> Brief
An exact copy of all entries is the expected answer.

Records from a dataset:
+ + + +
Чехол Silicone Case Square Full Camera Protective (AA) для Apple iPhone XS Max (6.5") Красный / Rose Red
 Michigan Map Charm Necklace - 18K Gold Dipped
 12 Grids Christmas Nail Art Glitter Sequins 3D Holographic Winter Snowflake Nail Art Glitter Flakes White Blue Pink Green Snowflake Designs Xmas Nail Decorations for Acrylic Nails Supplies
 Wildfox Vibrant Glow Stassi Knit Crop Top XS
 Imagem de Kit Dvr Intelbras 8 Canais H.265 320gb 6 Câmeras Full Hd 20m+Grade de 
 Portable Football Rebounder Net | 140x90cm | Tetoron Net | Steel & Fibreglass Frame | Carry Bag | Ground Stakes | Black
+ + + +
> Answer to the problem
Чехол Silicone Case Square Full Camera Protective (AA) для Apple iPhone XS Max (6.5") Красный / Rose Red
 Michigan Map Charm Necklace - 18K Gold Dipped
 12 Grids Christmas Nail Art Glitter Sequins 3D Holographic Winter Snowflake Nail Art Glitter Flakes White Blue Pink Green Snowflake Designs Xmas Nail Decorations for Acrylic Nails Supplies
 Wildfox Vibrant Glow Stassi Knit Crop Top XS
 Imagem de Kit Dvr Intelbras 8 Canais H.265 320gb 6 Câmeras Full Hd 20m+Grade de 
 Portable Football Rebounder Net | 140x90cm | Tetoron Net | Steel & Fibreglass Frame | Carry Bag | Ground Stakes | Black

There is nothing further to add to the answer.